MFT/3 Fence Protractor (Angle cuts)

gnlman

Member
Joined
May 8, 2010
Messages
216
Hi. OK I'm finally getting a chance to really use my MFT/3 and my rails, saw ect.
I am trying to use only my Festool system to make a woodrack, but the woodrack required some angles to be cut, which brings me to my question.
Does anybody really use the angle protractor on the MFT/3????
The MFT is giving me great straight cuts, but when I tried to use the angles I found it very unfriendly and well just plain unusable...
I was trying to cut around a 40 degree angle and I had to pull the fence forward a fair bit so the end of the fence under the rail would clear the end of the rear hinge....by the time I pulled the fence towards me enough to accomplish this, the fence became very "unstable" as I felt it was overextended from the rear of the table......
I have searched the forums for info on this with no luck.
In addition, everytime I tried to use the protractor and set it back to zero, I had to square the fence up again...
Am I missing something here.....does anyone have a few pics or a video using the protractor?
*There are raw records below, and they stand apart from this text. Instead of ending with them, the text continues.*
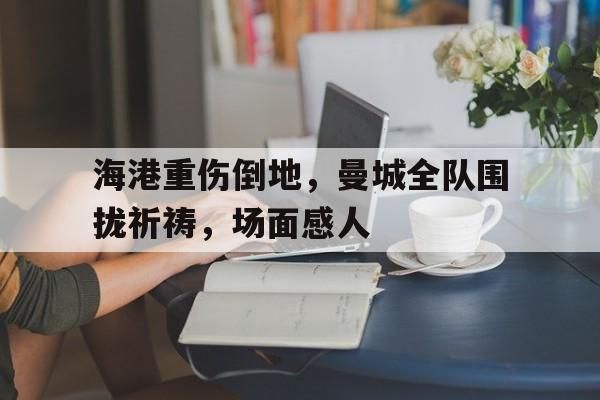 海港重伤倒地，曼城全队围拢祈祷，场面感人国乒全队坐实熊猫控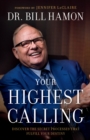 Your Highest Calling : Discover the Secret Processes That Fulfill Your Destiny - eBook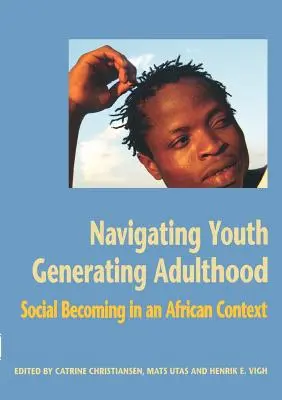 Navegando por la juventud, generando la edad adulta - Navigating Youth, Generating Adulthood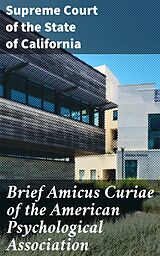 eBook (epub) Brief Amicus Curiae of the American Psychological Association de Supreme Court of the State of California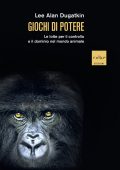 Lee Alan Dugatkin - Giochi di potere (2023)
I'm a very novice woodworker, but have owned a radial arm saw,chop saw for many years so I have built a few things in my time. I ended up marking and cutting the angle on the first one then using that as a template with some scraps and qwas dogs to make the other 5......I know this worked, but if the protractor is not really usable, I'd probably think of replacing it with some sort of straight fence or something like that....
Thanks in advance for any help, and for all the knowledge I've been gathering from the posters on these forums...I can't believe what I've learned in the past year or so, and also very thankful for the safety tips I've picked up.....
Once again, Thank you all.
Greg
 
Greg,

You can do what you want to do.  I am going to look for a video that someone else recently used in a post and I will edit this post and insert the video.  Getting used to the MFT/3 takes just a little time, but once you are ...

Peter

EDIT:  Moderator is currently ashamed.  He can't find the post with the video.  He needs your help.  Steve Bace, 2008 AWFS, showing how to set up the MFT/3.  Posted within the last week.
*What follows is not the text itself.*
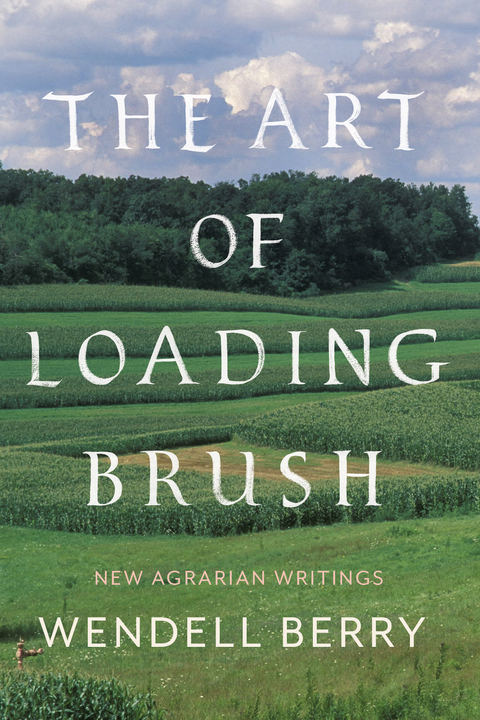 Art of Loading Brush -  Wendell Berry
HELP!!!!!!!! our poster and me.

Peter
 
Hi. Thank you both for responding. I've seen that video many times and have it saved on my "YouTube" I keep a laptop in my shop so I can go and look at many videos and posts and have printed out many supp manuals....all of it great info for sure.
I certainly am not unhappy with the table, and realize that in a way I'm doing everything a bit backwards to what I'm used too.....having not too much experience doesn't help, but I'm so happy with the Festool system I wish I'd had it (like many people) 20 or 30 years ago. For straight crosscuts it's incredible. For breaking down big sheets of plywood it's what I always dreamed of and over the years bought many "straight edges" to use with my skill saw but with not too great of results......
I just watched the video again after reading your post and while I use his method to square up the fence/rail and find it very quick and easy I still find the angle part of the fence less than accurate.....What I am going to go try ( I never thought of this before) is to move the fence so the protractor moves the wood more towards the front of the table....(does that make sense...lol).....or instead of moving the protractor counter clockwise to get say a 45, I'll try moving it clockwise and have the cut more towards the front of the table. Still this won't allow the use of the "locking device" on the end of the fence which really keeps it from moving.
I guess I'm so used of my radial saw where I can set a stop, cut an angle flip the board over and cut the second angle (say to make a picture frame) and I have all the same measurements......I watched "Qwas" do this on the MFT with the dogs and while he made it look easy he must have been using pencil marks since he had the angle, there were no stops to make each piece the same size....Sorry if this doesn't make sense to all you pro's, like I said I'm a bit of a novice and used to doing things a bit different plus don't have the same Logic that you all have....lol
Then again maybe I'm just "Cranky in Canada".....it's still a bit cold here....haha

I really want to replace my radial arm saw in my bench with this table and to be honest if it only does the crosscuts well, it is much more accurate than the radial, and the cuts the saw makes are just wonderful. I'm looking forward to making some furniture with it all, and well if the angle cuts are not the greatest it will force me to get a Kapex....lol
Thanks again to all of you for sharing your knowledge, I (like many I'm sure) read a lot and post a little......We live in very interesting times with the big old WWW and can learn by watching so many talented people!!
Best Regards, Greg.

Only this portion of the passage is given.